By RICH FOLEY
I must admit I’ve always liked Snuggle, the fabric softener spokesbear who’s been representing his namesake product for more than 20 years now. Even so, I’ve never been a huge fan of fabric softeners in general.
I can’t stand the sheets and since until recently I’ve spent my entire adult life going to Laundromats, I found liquid softener to be just another few pounds I could safely avoid dragging along. Snuggle himself was a little harder to ignore, though. What’s not to like about a friendly bear who apparently enjoys doing laundry?
In the mid-1980s, Lever Brothers decided to license Snuggle’s image to a stuffed animal manufacturer to join other trademarks being used to market stuffed toys. Soon, stuffed Snuggles in three sizes were available at finer gift shops everywhere. One of those shops was on my advertising route and soon I succumbed to the silent pleadings of a small size Snuggle.
Since I had my own apartment by this time, Snuggle didn’t have to worry about suffering the fate of Teddy, my childhood bear. I’ve already written about Teddy’s decapitation at the hands of my jealous brother. Snuggle had no such worries at the apartment.
In late 1986, some retailers of Snuggle fabric softener offered a free acrylic Snuggle Christmas ornament with a softener purchase. I broke down and bought a box of the hated sheets just to get an ornament. I mentioned to the cashier that it was pretty stupid of me to buy a product I didn’t want just for the freebie.
She asked if I wanted some more as most customers weren’t taking them, then went and got me ten extra from the display. I next purchased a small artificial tree and decorated it with Snuggle ornaments with the unused box of sheets underneath.
At this point, things temporarily got out of hand. I purchased a medium size stuffed Snuggle at an after-Christmas sale, then the large size at a going-out-of-business sale in Toledo. Since I had only so much display space at the apartment, I bought the Snuggles their own laundry basket and put them and all their related items in it. Hey, it was still cheaper and easier than buying real pets.

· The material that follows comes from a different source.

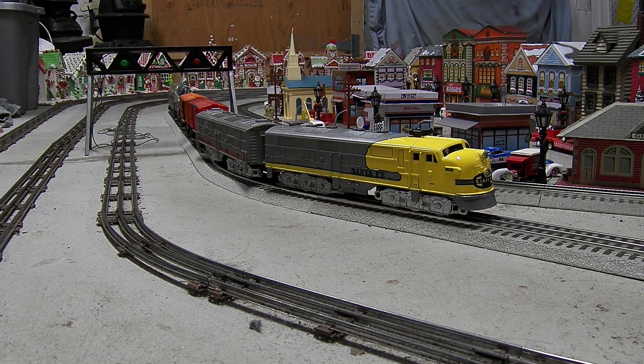All right, it runs great. It looks great. I really like the yellow with the blue warb on it.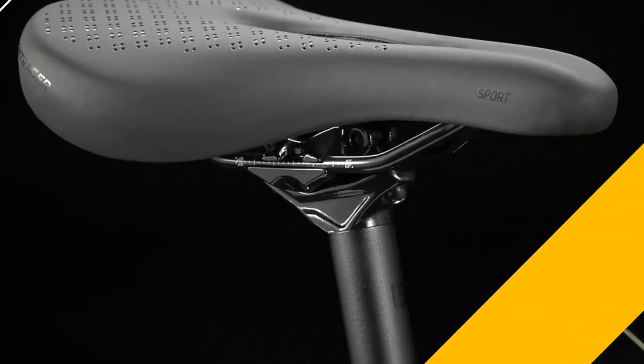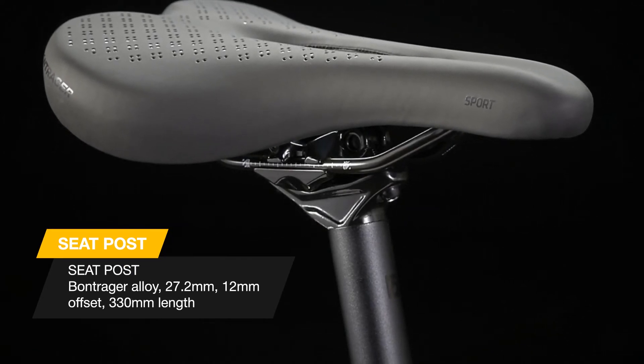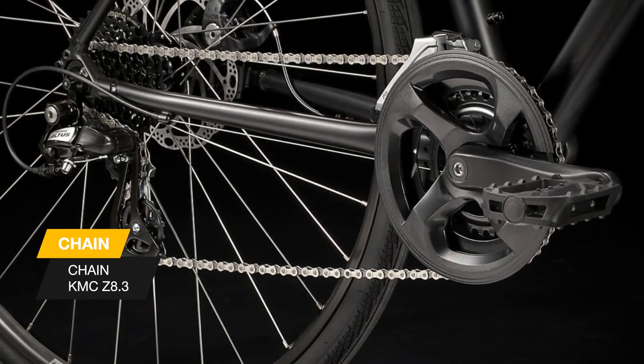It's versatile and does whatever you want it to do, whether that's riding for fitness, commuting, or cruising to the farmer's market to pick up groceries. You can pair the FX with your smartphone and send your ride data to your favorite fitness app when you add Duo Trap S. Like every Trek hybrid, it's backed by a lifetime warranty and supported by a wide network of retail partners.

But this was pretty much it for the Snuggle spending spree. My niece Shannon later bought me a miniature one and some years later my sister gave me another small size Snuggle she got for purchasing a 55-gallon drum or some similar size of softener.
Although it looked nearly identical to my first Snuggle, these later ones were made in China, unlike my first three which were lovingly handcrafted in Korea (North or South, they didn’t specify). And that’s it for the Snuggle collection. Although the bear still continues to pitch the product, Unilever (what happened to the Lever Brothers?) hasn’t licensed his image for other products for years.
The bear does seem to be keeping up with the times, though. Last week I got an email claiming to be from “Snuggle Bear.” Sure enough, Snuggle must have been taking website design classes somewhere because he now has his own site. It’s pretty impressive for anyone to have put together, even more so when you consider it’s the work of an imaginary bear.
Snuggle wanted me to know he has introduced some new varieties of softener and offered to send me samples. If I could just get the Snuggles in my basket to do the laundry like the television version does, I’d take him up on the offer. In the meantime, I’ve made an addition to the basket.
Last Saturday, I visited a resale shop in Montpelier and hiding in an aquarium with several other stuffed animals was an original Snuggle, identical to the first one I bought over 20 years ago. It even had all the proper tags still attached and appeared to have never been played with.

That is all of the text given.